REQUIRED ACTION: The copy must match the data below line for line and contain no images.

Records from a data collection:
▼

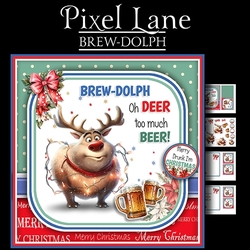 Brew-Dolph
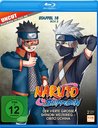 Naruto Shippuden - Die komplette Staffel 18, Box 2 Poster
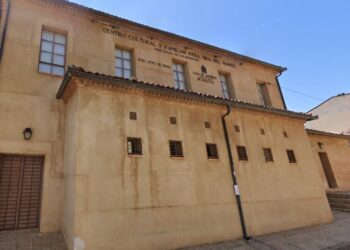 Foto de archivo. El ciclo llegará a la Casa de la Cultura en Riaza el próximo 15 de noviembre/ E.A.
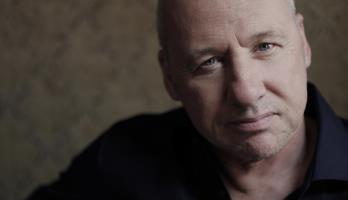 Mark Knopfler by Fabio Lovino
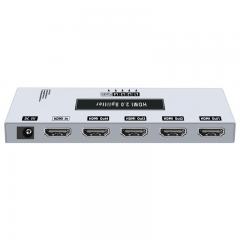 hdmi splitter 1X4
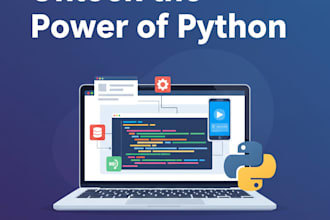 be your python programming expert tutor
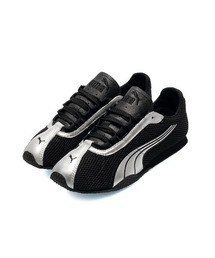 Lafayette（ラファイエット）の「プーマ 【PUMA】- 403692-02 PUMA H-STREET OG PUMA BLACK-PUMA SILVER（スニーカー）」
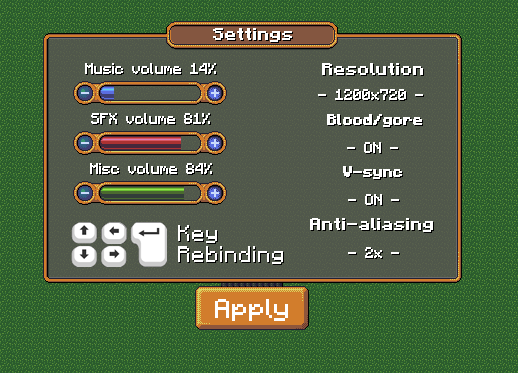 Скриншот из игры A Tale of Survival - 14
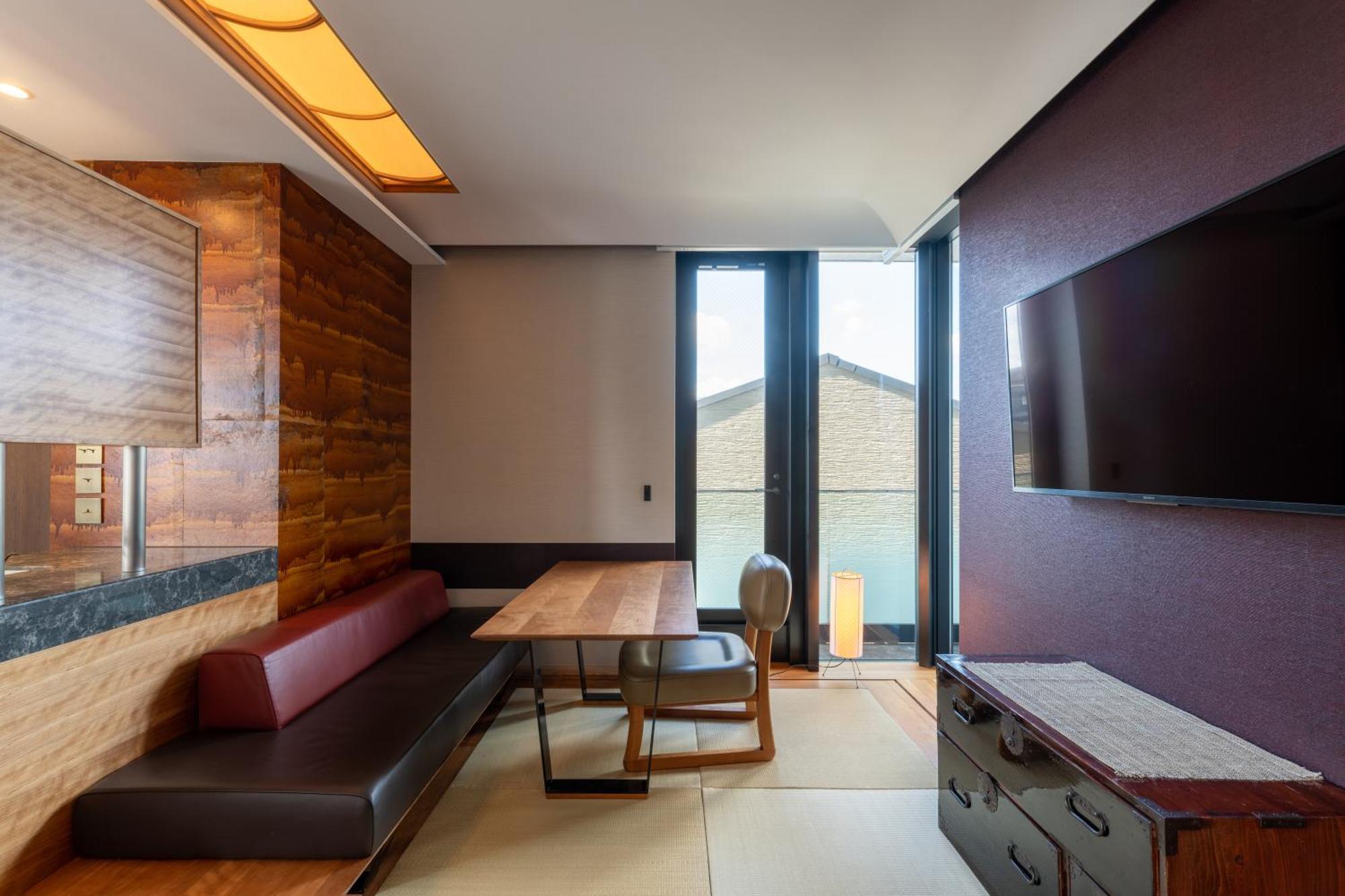 Genji Kyoto, A Member Of Design Hotel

▲

EXERCISE RESPONSE:
 Brew-Dolph
 Naruto Shippuden - Die komplette Staffel 18, Box 2 Poster
 Foto de archivo. El ciclo llegará a la Casa de la Cultura en Riaza el próximo 15 de noviembre/ E.A.
 Mark Knopfler by Fabio Lovino
 hdmi splitter 1X4
 be your python programming expert tutor
 Lafayette（ラファイエット）の「プーマ 【PUMA】- 403692-02 PUMA H-STREET OG PUMA BLACK-PUMA SILVER（スニーカー）」
 Скриншот из игры A Tale of Survival - 14
 Genji Kyoto, A Member Of Design Hotel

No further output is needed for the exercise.